Мышление как продуктивная способность противостоит пассивной восприимчивости чувственности. В то же время, способность мыслить вызывается к деятельности опытом как совокупным содержанием чувственных созерцаний. Пробужденное опытом мышление действует по определенным законам, и формальные компоненты этих законов, абстрагированные от самой деятельности, Кант называет элементарными понятиями чистого рассудка, или категориями. Все другие понятия чистого мышления "вырастают" из категорий и, будучи вторичными по своей природе, играют менее важную роль в познании. К примеру, трансцендентальные идеи разума проявляются только как регулятивные принципы.

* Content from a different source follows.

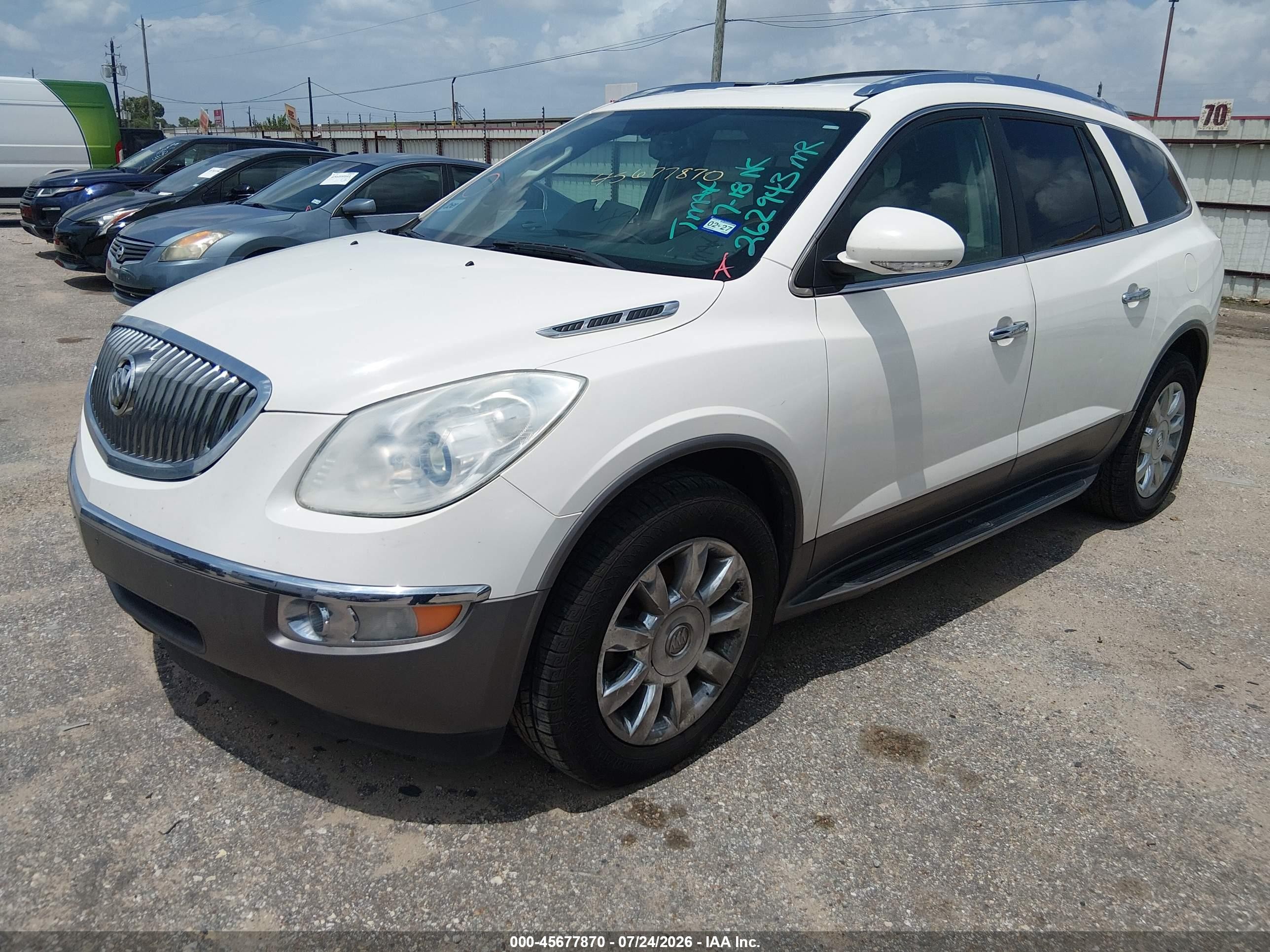 2012 Buick Enclave Premium Cream vin: 5GAKRDED0CJ262943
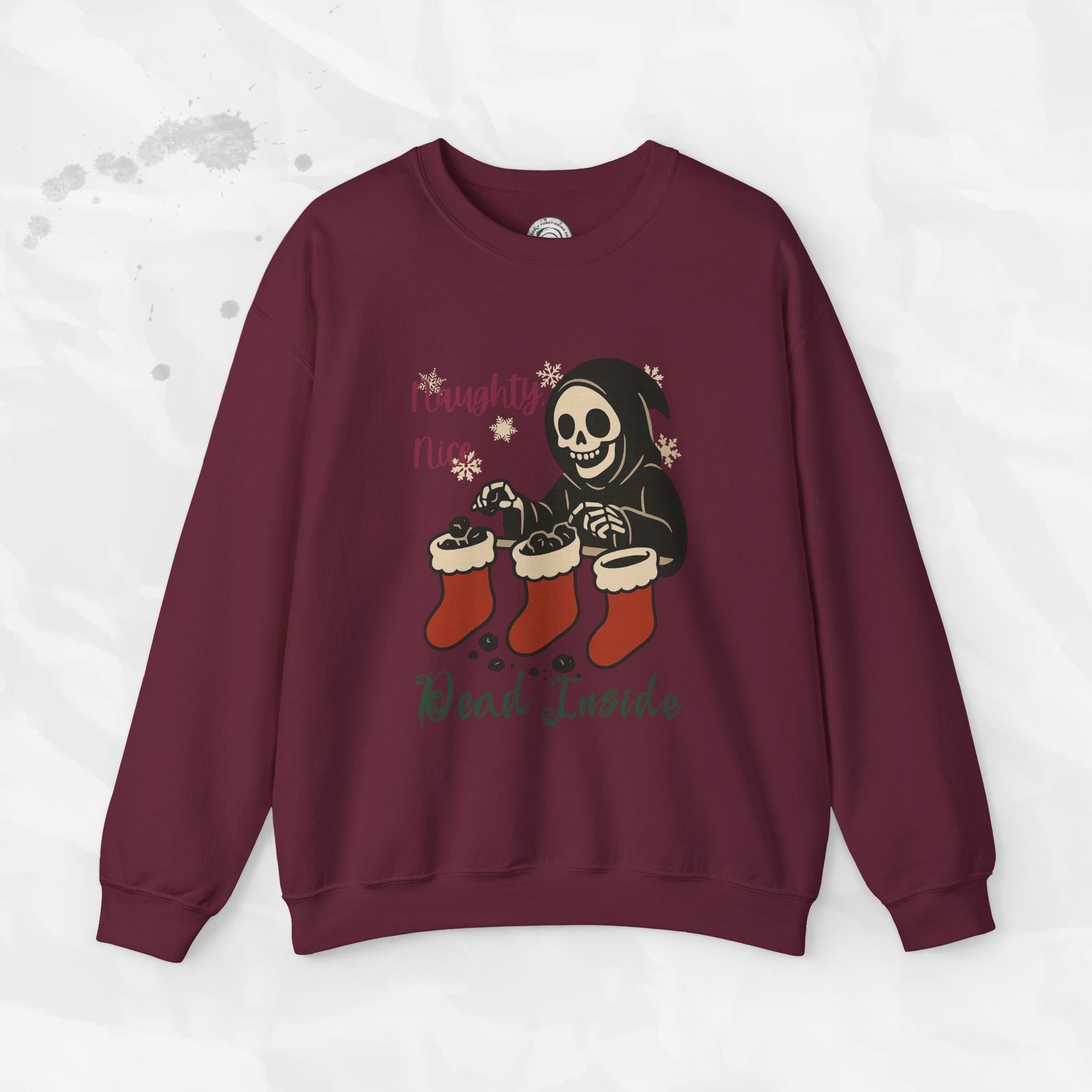 Naughty, Nice, Dead Inside – Crewneck Sweatshirt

Категории, по Канту, имеют троякую природу. С одной стороны, они принципиально совпадают с логическими функциями суждений, с другой - являются понятиями, позволяющими мыслить предметы, стоящие за субъективными данными чувств. Наконец, категории суть функции единства многообразного в первоначальной апперцепции. Три этих тезиса тесно связаны друг с другом. Третий доказывается Кантом через второй (первоначальная апперцепция параллельна трансцендентальному предмету), второй - через первый (отнесение представлений к предмету осуществляется в суждениях). Есть и обратная связь: первый тезис не может быть истинным при ложности третьего. Троякая природа категорий проявляет себя на разных уровнях функционирования наших познавательных способностей. В связи с логическими функциями и в качестве понятий о предметах категории "работают" в опытном познании, в то время как тождество категорий с функциями единства представлений в сознании составляет трансцендентальное условие самой данности предметов чувств в опыте и последующего "пробуждения" эмпирической составляющей рассудка. На трансцендентальном уровне осуществляется частичное проникновение рассудка в чувственность при помощи воображения, остающееся за пределами непосредственной досягаемости для наблюдения.